Hotelling-Lawley Trace   169.24212349    211.55        4        5

Roy's Greatest Root      169.24212349    211.55        4        5

 

                 Statistic                Pr > F

 

                 Wilks' Lambda            <.0001

                 Pillai's Trace           <.0001

                 Hotelling-Lawley Trace   <.0001

                 Roy's Greatest Root      <.0001

 

 

                     Example 18.1, page 1032                  

 

                       The ANOVA Procedure

             Repeated Measures Analysis of Variance

 

         MANOVA Test Criteria and Exact F Statistics for

           the Hypothesis of no Time*DosageForm Effect

            H = Anova SSCP Matrix for Time*DosageForm

                      E = Error SSCP Matrix

 

                       S=1    M=1    N=1.5

 

Statistic                       Value   F Value   Num DF   Den DF

 

Wilks' Lambda              0.00688490    180.31        4        5

Pillai's Trace             0.99311510    180.31        4        5

Hotelling-Lawley Trace   144.24534293    180.31        4        5

Roy's Greatest Root      144.24534293    180.31        4        5

 

 

                 Statistic                Pr > F

 

                 Wilks' Lambda            <.0001

                 Pillai's Trace           <.0001

                 Hotelling-Lawley Trace   <.0001

                 Roy's Greatest Root      <.0001

 

                     Example 18.1, page 1032                  

 

                       The ANOVA Procedure

             Repeated Measures Analysis of Variance

        Tests of Hypotheses for Between Subjects Effects

 

Source                    DF      Anova SS   Mean Square  F Value

 

DosageForm                 1     40.500000     40.500000     0.08

Error                      8   3920.000000    490.000000

 

                  Source                Pr > F

 

                  DosageForm            0.7810

                  Error

 

                     Example 18.1, page 1032                  

 

                       The ANOVA Procedure

             Repeated Measures Analysis of Variance

    Univariate Tests of Hypotheses for Within Subject Effects

 

Source                    DF      Anova SS   Mean Square  F Value

 

Time                       4   34288.00000    8572.00000   279.90

Time*DosageForm            4   19472.00000    4868.00000   158.96

Error(Time)               32     980.00000      30.62500

 

                                           Adj Pr > F

        Source                Pr > F     G - G     H - F

 

        Time                  <.0001    <.0001    <.0001

        Time*DosageForm       <.0001    <.0001    <.0001

        Error(Time)

 

                     Example 18.1, page 1032                  

 

                       The ANOVA Procedure

             Repeated Measures Analysis of Variance

    Univariate Tests of Hypotheses for Within Subject Effects

 

              Greenhouse-Geisser Epsilon    0.7374

              Huynh-Feldt Epsilon           1.3610

 

                     Example 18.1, page 1032                  

 

                       The ANOVA Procedure

 

Level of     ------------T1----------- ------------T2-----------

DosageForm N         Mean      Std Dev         Mean      Std Dev

 

C          5   37.0000000   10.3682207   63.0000000   10.3682207

T          5   55.0000000   11.1803399   81.0000000    6.5192024

 

Level of     ------------T3----------- ------------T4-----------

DosageForm N         Mean      Std Dev         Mean      Std Dev

 

C          5    85.000000    7.9056942   140.000000   13.6930639

T          5   134.000000   11.9373364    80.000000   14.5773797

 

           Level of     --------------T5-------------

           DosageForm N         Mean          Std Dev

 

           C          5   76.0000000       12.9421791

           T          5   42.0000000        8.3666003

 

 

Method 1, Discussion.

 

In this approach we are treating the design as a 2-Way ANOVA (Dosage x Time).

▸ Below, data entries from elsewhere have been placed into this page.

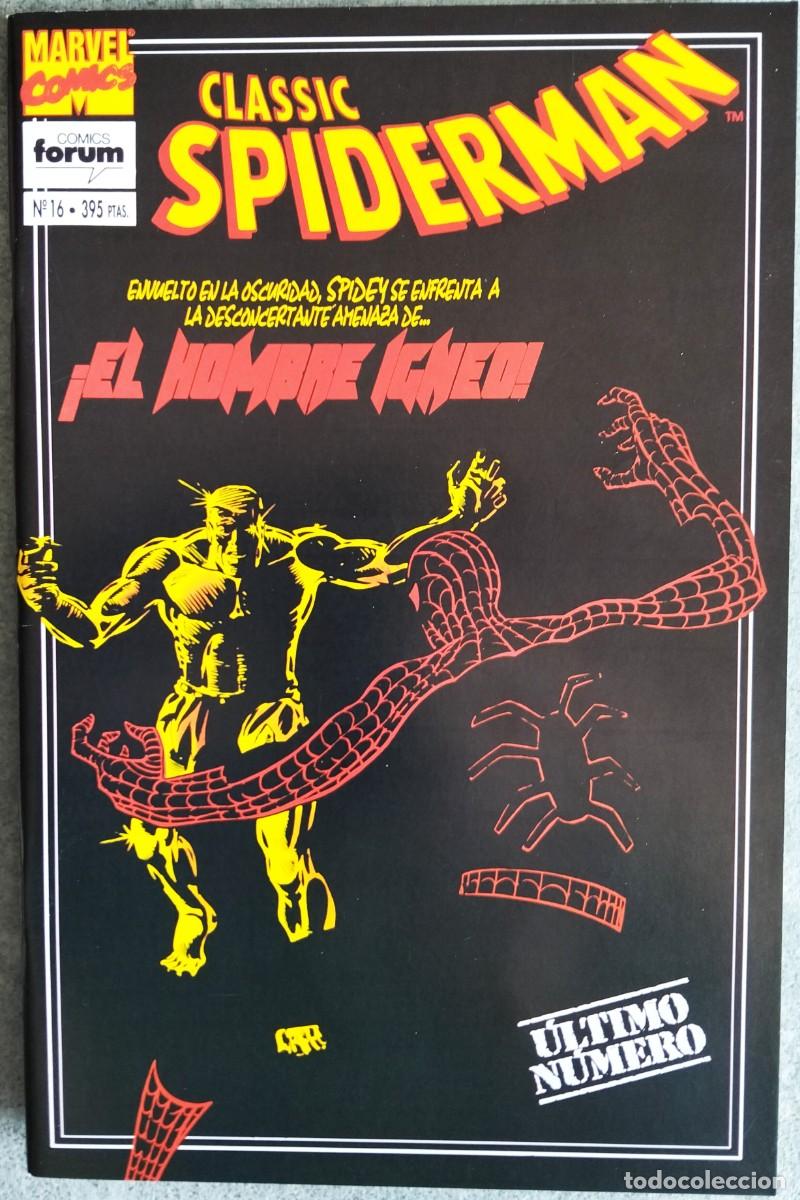 C&oacute;mics: SPIDERMAN CLASSIC N&ordm; 16. EDICIONES FORUM (Formato grapa) - Foto 1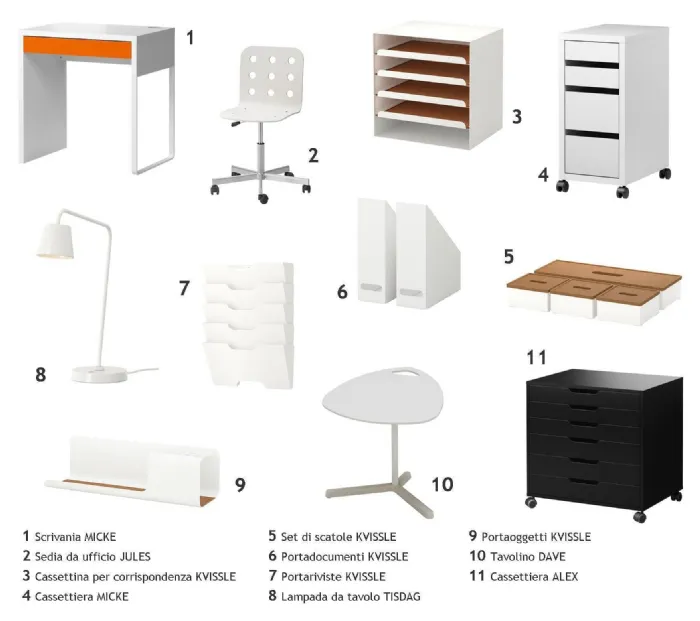Serie di prodotti del catalogo di IKEA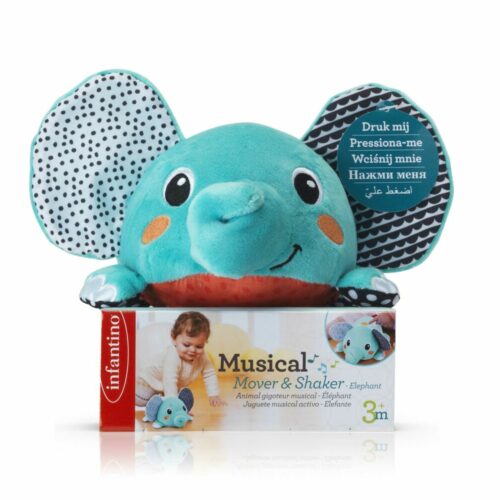 Мягкая музыкальная игрушка INFANTINO Подвижный слоненок (316245I)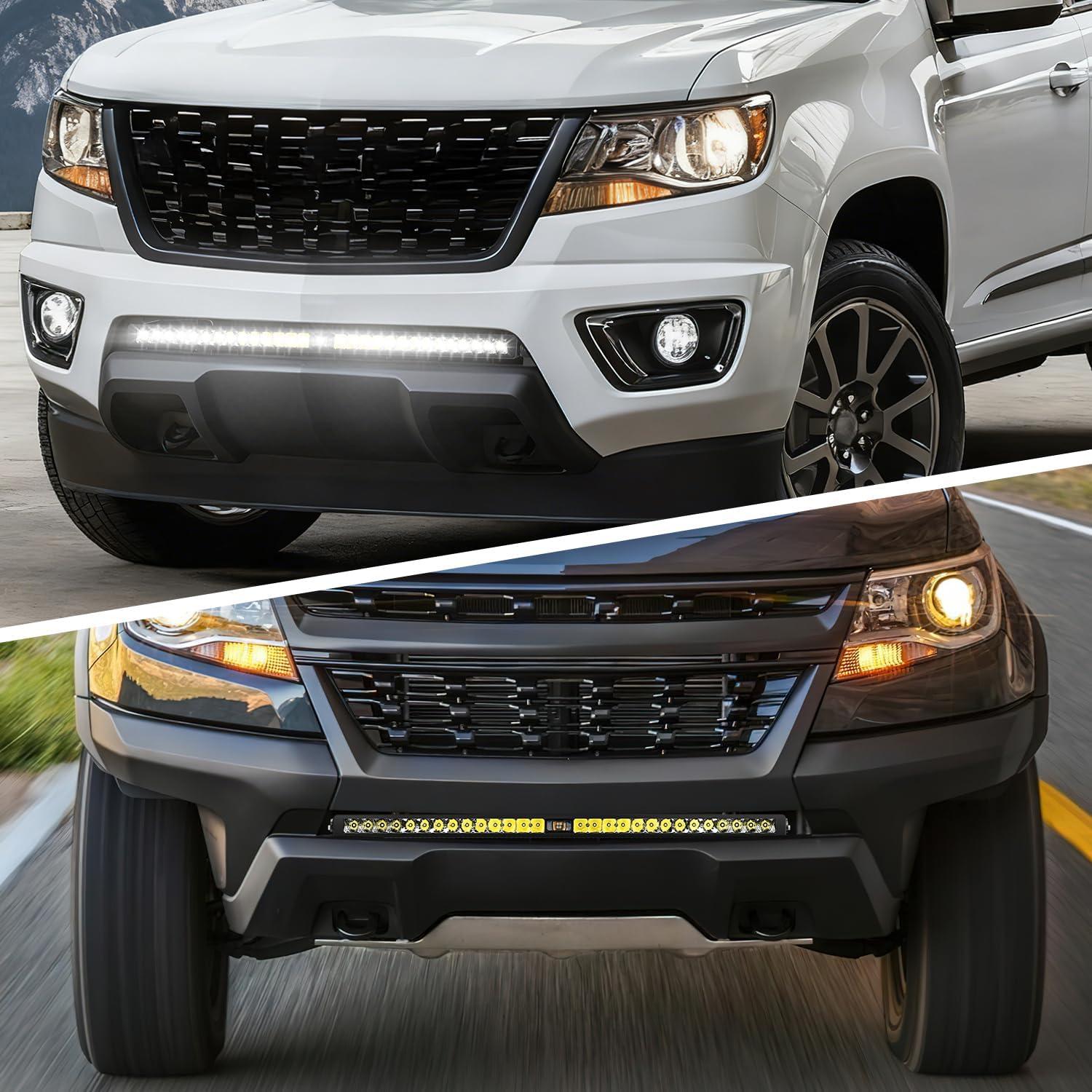 image:imageNilight Front Lower Hidden Bumper Mounting Brackets for 32inch Single Row LED Light Bar Compatible with 20152022 Chevy Colorado 4WD2WD 20152022 GMC Canyon 4WD2WDHidden Bumper BracketSilverado Canyon 20152022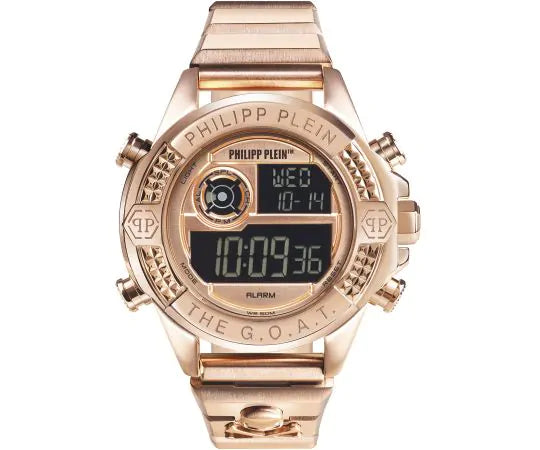 Philipp Plein Digital Watch The G.O.A.T. Rose Gold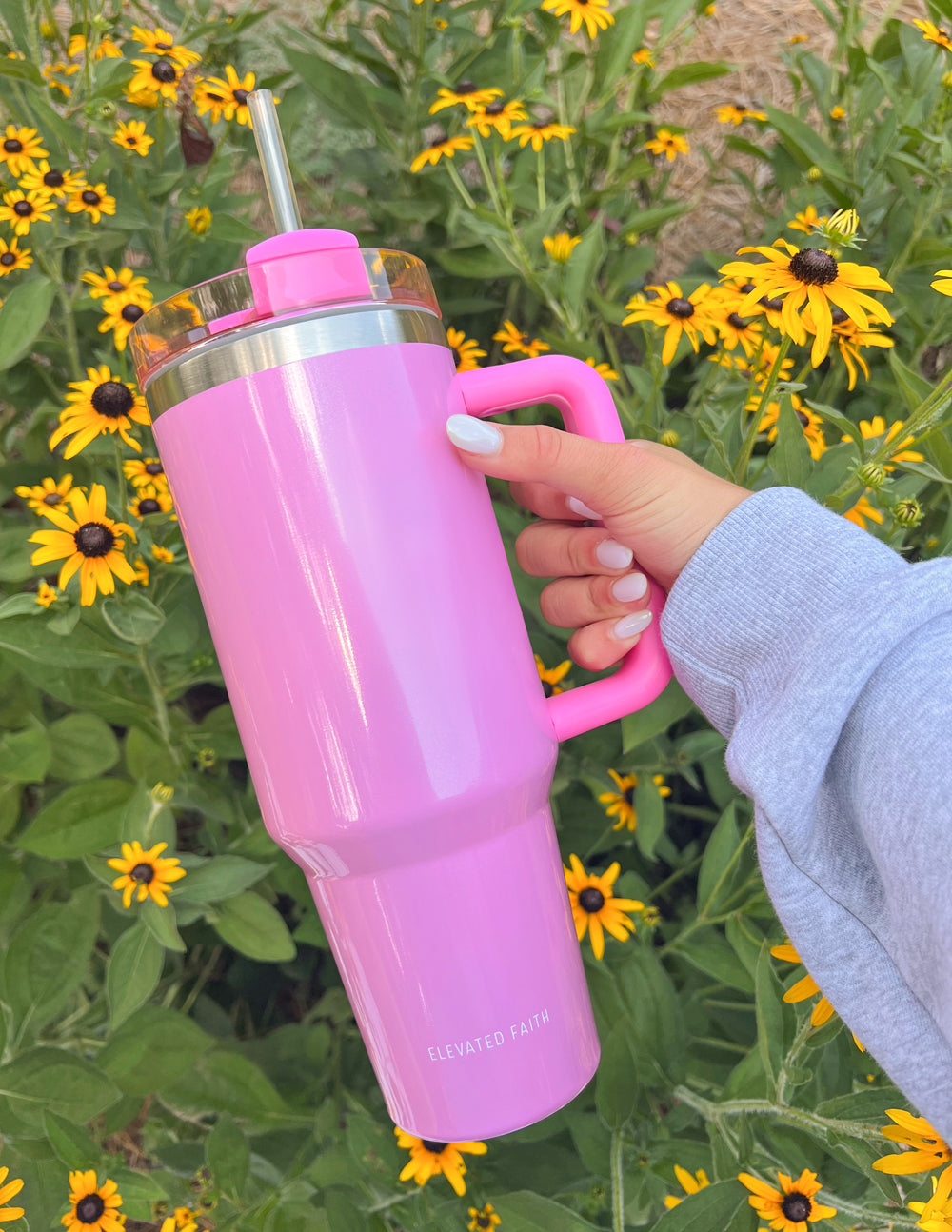 Basics Pink 40 oz Tumbler – Christian Tumbler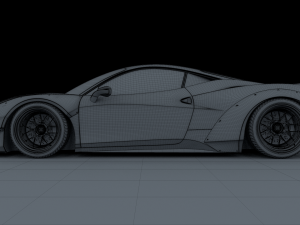 ferrari 458 italia liberty walk Modelo 3D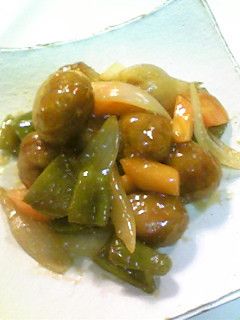 肉団子の酢豚風-レシピのメイン写真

Since each subject is measured at every level of factor Time, Time is a repeated measure factor.

 

Factors

o DosageForm – 2 levels: Tablet (T) and Capsule (C)

o Time – 5 levels: 0.5, 1.0, 2.0, 3.0, and 4.0 hours

 

The data set drug is created by the above data step. Next, note that proc anova uses the repeated statement. The repeated statement indicates that we want to call the repeated factor Time, that it has five levels, and that we want to label the levels .5, 1, 2, 3, and 4.

 

The MANOVA Test Criteria on the output listing has rows labeled Wilk’s Lambda, Pillai’s Trace, etc. These are multivariate statistics that are of interest when more than one dependent variable is indicated. In our case, the model statement

 

model T1 T2 T3 T4 T5 = DosageForm

 

implies that all five of T1, T2, T3, T4, and T5 are dependent variables.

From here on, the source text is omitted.